Kansas Reads to Preschoolers Week is November 17-23, highlighting the importance of reading aloud to young children daily.  Our library was honored to be chosen as the site for the statewide kick-off with a special storytime on November 19 at 11:00. First Lady Mary Brownback will read this year’s selected book, Dog’s Colorful Day by Emma Dodd, and children’s librarians will lead other fun songs, rhymes and stories.  Following storytime, we will host “Dog’s Colorful Play Day” during which children can create a dog craft with spots of all colors, play with balloons, games and puzzles related to literacy, colors, shapes, and other early concepts and skills, and take home a free book, courtesy of the Manhattan Library Association and a Ready to Read grant.

The library has thousands of other great picture books to read aloud with young children.  Here are just a few new ones that will spark their imaginations:

A great follow-up to Dog’s Colorful Day is Dog Loves Counting by Louise Yates. Dog counts his way through various animals, finding different traits to count, like the lines on a five-lined skink or the rings on a raccoon’s tail.  Another fun dog story is Chris Raschka’s new Daisy book, Daisy Gets Lost.  Raschka’s illustrations, sometimes described as abstract or “fluid,” blend colors and lines, capturing motion and emotion at the same time. Daisy gets distracted from playing catch and chases a squirrel, leaving her owner behind.  The reuniting hug at the end is a satisfying ending for any dog lover.

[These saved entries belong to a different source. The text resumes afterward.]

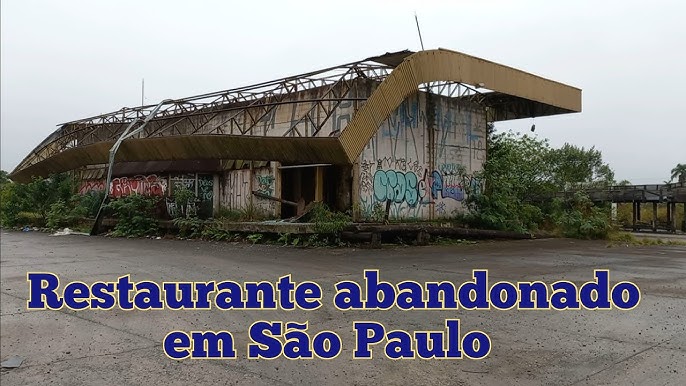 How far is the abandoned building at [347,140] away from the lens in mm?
17531

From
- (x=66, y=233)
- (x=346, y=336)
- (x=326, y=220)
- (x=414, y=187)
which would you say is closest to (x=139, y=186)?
(x=66, y=233)

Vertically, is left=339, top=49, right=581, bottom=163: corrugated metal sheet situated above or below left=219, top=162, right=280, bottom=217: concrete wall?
above

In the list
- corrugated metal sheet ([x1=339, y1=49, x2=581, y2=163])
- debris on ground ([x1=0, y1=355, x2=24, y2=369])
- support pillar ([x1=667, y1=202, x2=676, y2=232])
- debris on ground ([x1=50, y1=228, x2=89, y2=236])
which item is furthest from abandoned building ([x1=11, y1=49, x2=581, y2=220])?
support pillar ([x1=667, y1=202, x2=676, y2=232])

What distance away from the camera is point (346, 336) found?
611cm

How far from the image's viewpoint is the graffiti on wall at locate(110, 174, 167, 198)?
24.7m

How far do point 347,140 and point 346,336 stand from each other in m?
10.6

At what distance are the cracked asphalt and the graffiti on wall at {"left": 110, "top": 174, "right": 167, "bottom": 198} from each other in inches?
511

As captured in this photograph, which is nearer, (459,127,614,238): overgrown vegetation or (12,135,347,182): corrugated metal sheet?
(12,135,347,182): corrugated metal sheet

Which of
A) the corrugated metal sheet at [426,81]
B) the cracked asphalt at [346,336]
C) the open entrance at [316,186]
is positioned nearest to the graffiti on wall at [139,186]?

David Wiesner, winner of multiple Caldecott Medals, has a new, nearly wordless picture book to please both cat lovers and alien hunters.  Mr. Wuffles! appears to be a typical cat – too lazy to play with the toys his owner buys him, but endlessly watching through cracks in the wall while twitching his tail.  Wiesner shows us what is happening behind Mr. Wuffles’s walls – tiny aliens have landed, and they need help to repair their ship damaged by the cat’s paws.  Enjoy this delightful, playful book as children describe what is happening and what they think the aliens are saying to each other.

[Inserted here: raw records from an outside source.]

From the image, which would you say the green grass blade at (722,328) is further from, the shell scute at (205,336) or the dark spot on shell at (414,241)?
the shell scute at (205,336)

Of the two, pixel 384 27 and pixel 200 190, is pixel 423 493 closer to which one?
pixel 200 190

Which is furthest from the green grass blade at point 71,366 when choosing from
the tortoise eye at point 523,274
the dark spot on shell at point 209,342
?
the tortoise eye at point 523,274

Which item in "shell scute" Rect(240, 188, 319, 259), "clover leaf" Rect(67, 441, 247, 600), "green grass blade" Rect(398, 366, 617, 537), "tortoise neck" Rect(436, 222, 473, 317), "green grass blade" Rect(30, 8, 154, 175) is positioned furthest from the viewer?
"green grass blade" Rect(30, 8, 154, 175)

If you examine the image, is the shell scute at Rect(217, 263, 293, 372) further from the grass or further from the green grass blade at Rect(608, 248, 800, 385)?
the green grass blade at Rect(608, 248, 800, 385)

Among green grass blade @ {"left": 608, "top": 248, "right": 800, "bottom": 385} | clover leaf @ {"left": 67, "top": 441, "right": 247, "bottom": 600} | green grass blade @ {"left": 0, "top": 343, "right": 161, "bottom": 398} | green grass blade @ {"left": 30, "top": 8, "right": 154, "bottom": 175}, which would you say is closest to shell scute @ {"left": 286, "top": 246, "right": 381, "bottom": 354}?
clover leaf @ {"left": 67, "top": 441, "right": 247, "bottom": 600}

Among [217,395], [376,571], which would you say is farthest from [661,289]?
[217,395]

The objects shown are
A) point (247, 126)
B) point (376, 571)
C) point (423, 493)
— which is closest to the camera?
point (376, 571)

Fantastical animals will carry you away in Emily Winfield Martin’s Dream Animals: A Bedtime Journey.  Beautiful paintings show children riding animals – a bear, a fox, a narwhal – to dreamy landscapes that combine real animals with fairies, elves and imaginary beasts, making the transition from bedtime story to dreamland seamless.

In Stardines: Swim High Across the Sky, a new book of poetry by Jack Prelutsky, the author creates new critters by changing or adding just one (very important) letter to each animal’s name, followed by a poem about its humorous habitat and behaviors.  Learn about bluffaloes, chormorants, slobsters and more.  The tattlesnake is a rattler with a megaphone for a head – “Tattlesnake, Tattlesnake, Overly keen to tattle repeatedly – Truly, you’re mean. You’re noisy, annoying. You’re venomous, vile. You don’t mind your business. We don’t like your style.” I’m sure Mr. Prelutsky would approve of kids making up more new animals and poems themselves after reading this volume!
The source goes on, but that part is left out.